Teaching 'licence' for all new lecturers by 2010

August 23, 2002

All new lecturers will be expected to have a teaching qualification by 2010. That is the message from the Cooke review into teaching-quality enhancement.

This will require recruits to take teacher-training courses, accredited by the Institute for Learning and Teaching, at their employer institution.

More experienced staff will be expected to demonstrate competence in working with students. A public debate involving teaching unions, staff, students and employers is being launched later this autumn to lay the foundations for "a new agenda" for quality enhancement.

It will raise questions about ILT membership, a single quality-enhancement agency and external examiner reforms, among others.

The Cooke committee is understood to want managers to be more proactive about the ILT. This could include offering incentives to join and recognition of membership as promotion criteria.

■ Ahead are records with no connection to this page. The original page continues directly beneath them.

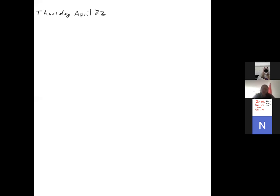Today we'll continue with our discussion of gases. I wanted to look at one more example of solving for gaseous reactants, like we did at the end of yesterday, but one that's a little bit different. We have a lot of combustion, so let's try this one. We'll try combustion — this is solving for a gaseous reactant.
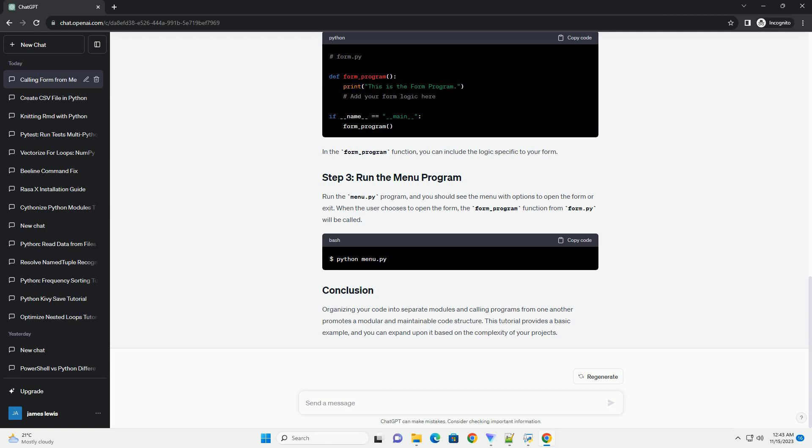Organizing your code into separate modules and calling programs from one another promotes a modular and maintainable code structure. This tutorial provides a basic example, and you can expand upon it based on the complexity of your projects.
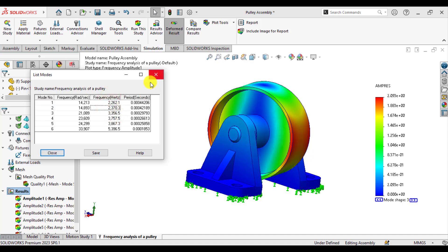So I hope you enjoyed this simulation study of SOLIDWORKS. Thank you for watching. Take care. Bye bye.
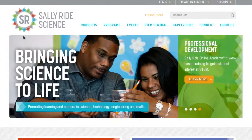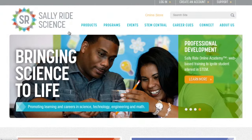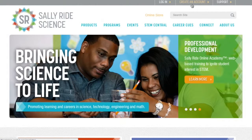You can register for our Sally Ride Science account by going to our home page at SallyRideScience.com. Click on the Create an Account button at the top.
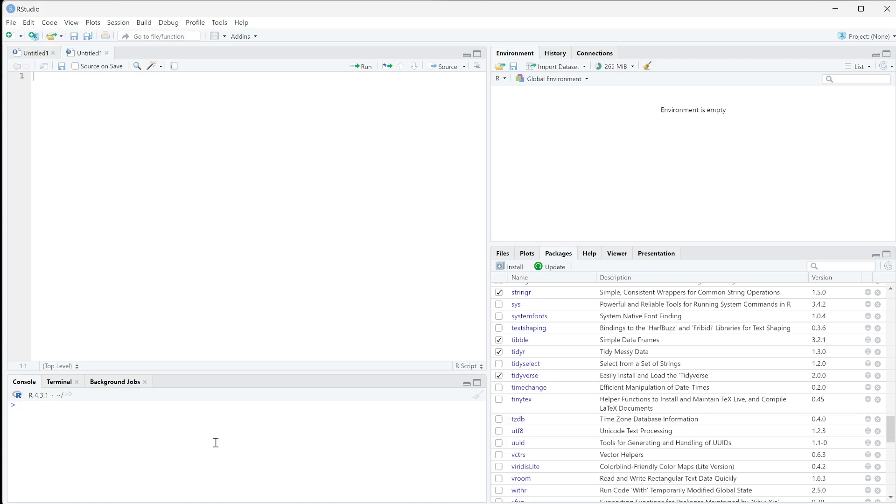Now we want to get started loading data into RStudio. The first thing we want to do before loading data is to figure out what our working directory is.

But there is impatience about delays in consulting over the agenda when the future of staff in membership organisations such as the ILT and lecturers'

unions is at stake.

Liz Allen, Natfhe national official, has written to Sir Ron Cooke, who chairs the review, requesting more union involvement.

Sir Ron leads a team that is looking at the roles of four agencies - the ILT, the Learning and Teaching Support Network, the Higher Education Staff Development Agency and the Quality Assurance Agency - under the auspices of Universities UK, the Standing Conference of Principals and the Higher Education Funding Council for England.

Rob Copeland, AUT education policy research officer, said: "We have an education white paper coming out in the autumn that is going to talk about incentives for teaching.

"It is important to get this debate into the public domain to make sure that the terms are not set by UUK, Hefce and others," he said.

"The AUT took the view that teaching is not recognised as highly as research in terms of promotion but we have been sceptical about the ILT as the criterion for that," he added.

Caroline Bucklow, who was this week appointed ILT acting chief executive following Paul Clark's resignation, said the ILT planned to consult members in September about their future and collaboration with other organisations.

Sir Ron has proposed restructuring relations between the four agencies.